▶ [EXTRACTED MATERIAL]
┄┄┄┄┄┄┄┄┄┄

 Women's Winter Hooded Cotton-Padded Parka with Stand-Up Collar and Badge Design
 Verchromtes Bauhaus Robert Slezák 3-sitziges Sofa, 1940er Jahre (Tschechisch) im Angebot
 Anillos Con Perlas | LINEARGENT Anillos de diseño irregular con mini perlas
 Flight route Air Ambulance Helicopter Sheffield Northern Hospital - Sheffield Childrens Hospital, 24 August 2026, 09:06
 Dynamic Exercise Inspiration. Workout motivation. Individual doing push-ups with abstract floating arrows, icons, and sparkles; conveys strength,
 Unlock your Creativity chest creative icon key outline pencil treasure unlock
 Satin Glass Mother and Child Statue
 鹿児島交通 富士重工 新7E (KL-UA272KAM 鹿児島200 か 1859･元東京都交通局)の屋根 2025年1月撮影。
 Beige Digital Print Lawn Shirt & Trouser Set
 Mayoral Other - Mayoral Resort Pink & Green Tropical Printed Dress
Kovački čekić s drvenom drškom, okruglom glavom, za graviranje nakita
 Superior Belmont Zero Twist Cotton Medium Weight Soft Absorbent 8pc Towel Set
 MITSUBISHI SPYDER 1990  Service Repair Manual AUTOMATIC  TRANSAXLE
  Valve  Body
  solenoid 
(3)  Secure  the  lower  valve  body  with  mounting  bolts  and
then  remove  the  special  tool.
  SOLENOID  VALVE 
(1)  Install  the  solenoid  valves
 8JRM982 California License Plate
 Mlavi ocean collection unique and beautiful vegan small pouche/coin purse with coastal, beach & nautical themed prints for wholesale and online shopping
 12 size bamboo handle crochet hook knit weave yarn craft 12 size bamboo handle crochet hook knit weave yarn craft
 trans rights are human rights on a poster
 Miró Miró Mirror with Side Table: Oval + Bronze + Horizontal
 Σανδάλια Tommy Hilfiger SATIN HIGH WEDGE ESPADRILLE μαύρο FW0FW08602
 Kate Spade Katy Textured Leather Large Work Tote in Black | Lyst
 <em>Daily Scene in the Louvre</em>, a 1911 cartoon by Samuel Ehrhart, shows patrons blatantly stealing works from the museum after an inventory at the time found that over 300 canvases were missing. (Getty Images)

┄┄┄┄┄┄┄┄┄┄

▶ [EXERCISE PROMPT] Output the lines above exactly, but only those between the line holding "12 size bamboo handle crochet hook knit weave yarn craft 12" and the line holding "Kate Spade Katy", inclusive.

▶ [OUTPUT OF THE TASK]
 12 size bamboo handle crochet hook knit weave yarn craft 12 size bamboo handle crochet hook knit weave yarn craft
 trans rights are human rights on a poster
 Miró Miró Mirror with Side Table: Oval + Bronze + Horizontal
 Σανδάλια Tommy Hilfiger SATIN HIGH WEDGE ESPADRILLE μαύρο FW0FW08602
 Kate Spade Katy Textured Leather Large Work Tote in Black | Lyst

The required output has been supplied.